Trust Me, I’m an Economist

The New Bazaar | 13 January 2022 | 1h 06m | Listen Later | iTunes | Spotify
Interview with Ben Ho about his book Why Trust Matters: An Economist’s Guide to the Ties that Bind. Discusses the role of trust in economic interactions: how the way that contracts are written can determine whether trust is enhanced or eroded; situations where pre-nuptial contracts enhance trust; religion’s role in fostering the kind of trust that matters to the economy; why gossip is good for trust; and when we can trust economic policymakers.
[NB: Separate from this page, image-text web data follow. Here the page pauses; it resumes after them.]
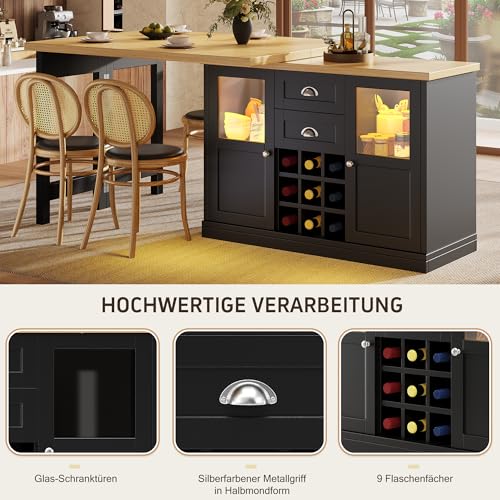 Mesa de cocina independiente Merax para cenas con iluminacion LED 6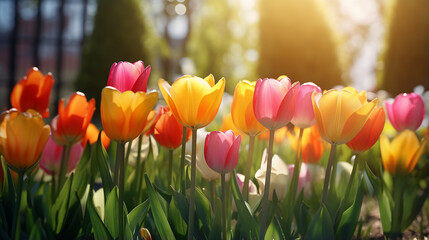 Wall Mural - background with front yard tulip garden bright color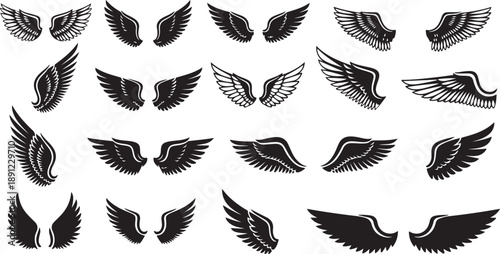 black wings badge set. Bird wings, angel wings elements. Aviation pilot patch badge. Heraldic vintage army insignia emblem falcon phoenix hawk.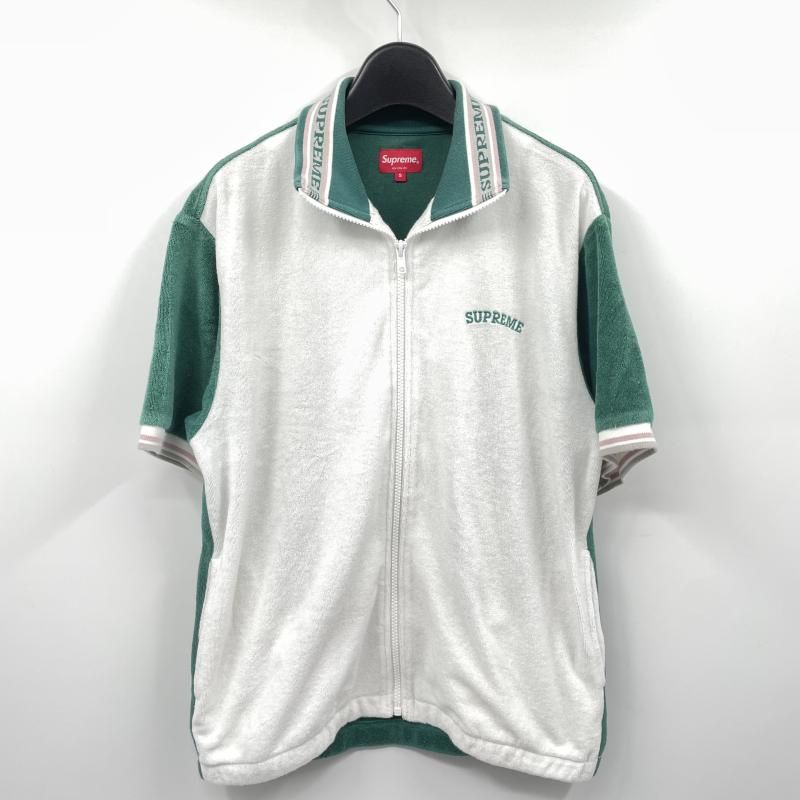 中古】Supreme 20SS Terry S/S Zip Up サイズS ホワイト/グリーン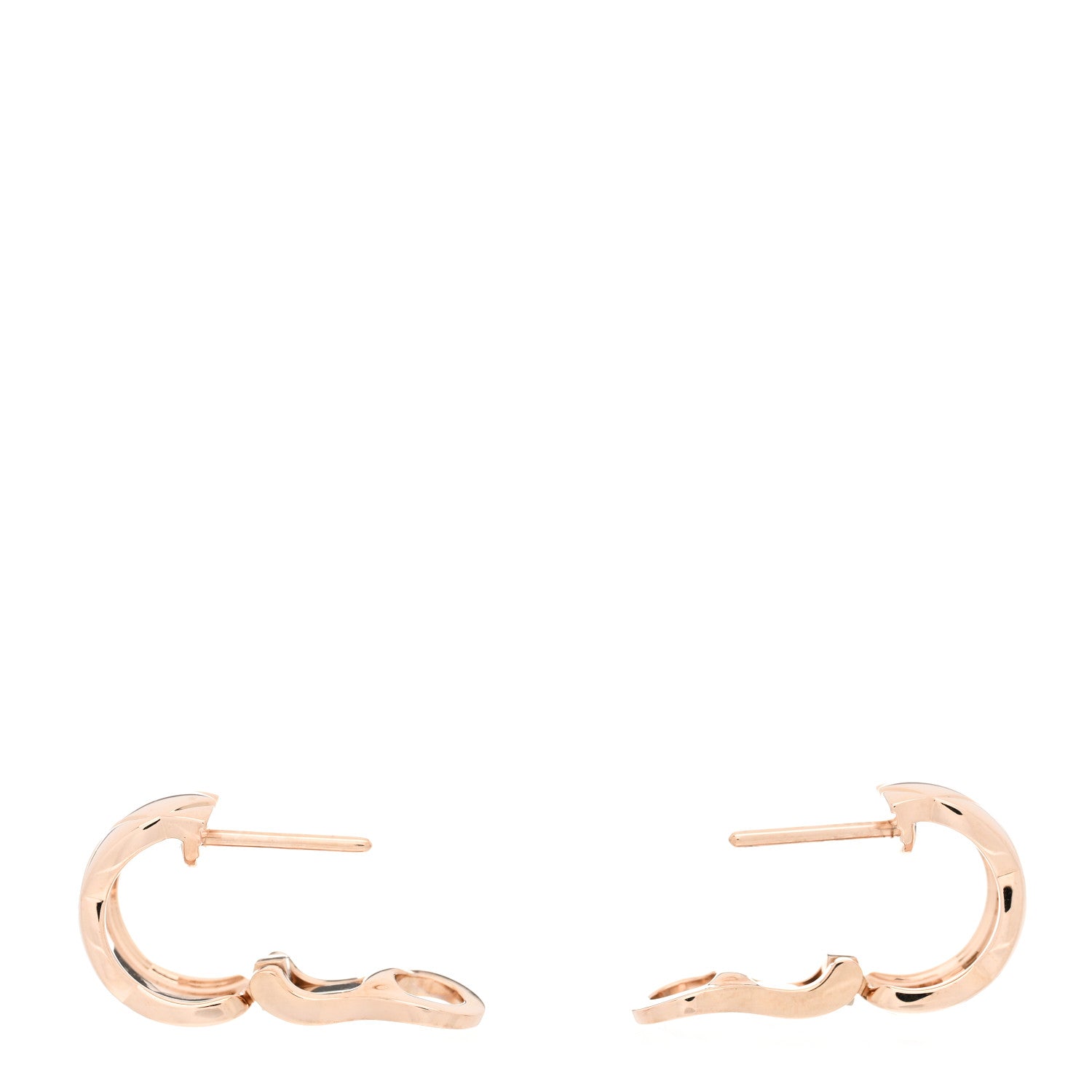 Chanel 18K Beige Gold Coco Crush Hoop Earrings 3 of 5
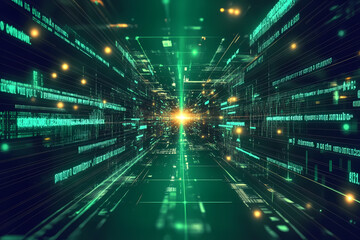 Futuristic digital code network flows through a dark space.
The discussion in this podcast about how gift-giving creates vulnerability, in turn creating trust, was very insightful for one so long jaundiced about the merits of gift-giving.

All You Need Is Nudge

Freakonomics Radio | 9 September 2021 | 0h 58m | Listen Later | iTunes | Spotify
Interview with Richard Thaler about his book Nudge: The Final Edition co-authored with Cass Sunstein). Discusses behavioural economics; how nudge theory held up in the face of a global financial meltdown, a pandemic, and other existential crises; and argues that nudging is more relevant today than ever.
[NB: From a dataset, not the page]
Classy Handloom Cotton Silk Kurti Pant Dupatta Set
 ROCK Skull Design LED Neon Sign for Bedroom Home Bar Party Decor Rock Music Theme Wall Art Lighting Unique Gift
Daniel Kahneman on Behavioural Economics

Masters in Business | 14 May 2021 | 0h 54m | Listen Later
Interview with Daniel Kahneman about his book Noise: A Flaw in Human Judgment, coauthored with Olivier Sibony and Cass Sunstein. Defines noise as the variance in expert judgements, backgrounds examples of noise in many fields, argues that it is usually much greater than commonly perceived, and sets out remedies to improve decision-making by reducing noise and bias.

Ben Cohen on the Hot Hand

EconTalk | 10 August 2020 | 1h 08m | Listen Later | iTunes
Interview with Ben Cohen about his book The Hot Hand: The Mystery and Science of Streaks. At times in sports and elsewhere in life, a person seems to be “on fire,” playing at an unusually high level. Is this real or an illusion? Cohen takes the listener through the scientific literature on this question and spreads a very wide net to look at the phenomenon of being in the zone outside of sports. Topics include Shakespeare, investing, Stephen Curry, and asylum judges.
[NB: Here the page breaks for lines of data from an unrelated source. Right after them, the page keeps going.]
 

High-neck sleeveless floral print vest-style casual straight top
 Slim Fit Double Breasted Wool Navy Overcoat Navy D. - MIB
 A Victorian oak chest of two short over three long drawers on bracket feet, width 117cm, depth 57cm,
Thomas Gilovich on Human Behaviour

Masters in Business | 25 January 2018 | 1h 15m | Listen Later | iTunes
Interview with Thomas Gilovich discussing his work in social psychology, decision making, behavioural economics and happiness. Draws on ideas in How We Know What Isn’t So: The Fallibility of Human Reason in Everyday Life and the paper he co-authored with Amos Tversky on the “Hot Hand” in the NBA.

People Aren’t Dumb. The World Is Hard

Freakonomics Radio | 20 December 2018 | 0h 57m | Listen Later  | iTunes
Good humoured interview with Richard Thaler about winning a Nobel Prize for showing that humans tend to make irrational decisions. Backgrounds behavioural economics. Describes his unlikely route to success; his reputation for being lazy; and his efforts to fix the world — one nudge at a time.

What You See is a Function of the Question You’re Answering

EconTalk | 23 July 2018 | 1h 04m | Listen Later  | iTunes
Interview with Teppo Felin about perception, cognition, and rationality. Argues against the omniscient thinking that interprets cognitive errors as biases and irrationality. Discusses the implications of different understandings of rationality for economics, entrepreneurship, and innovation.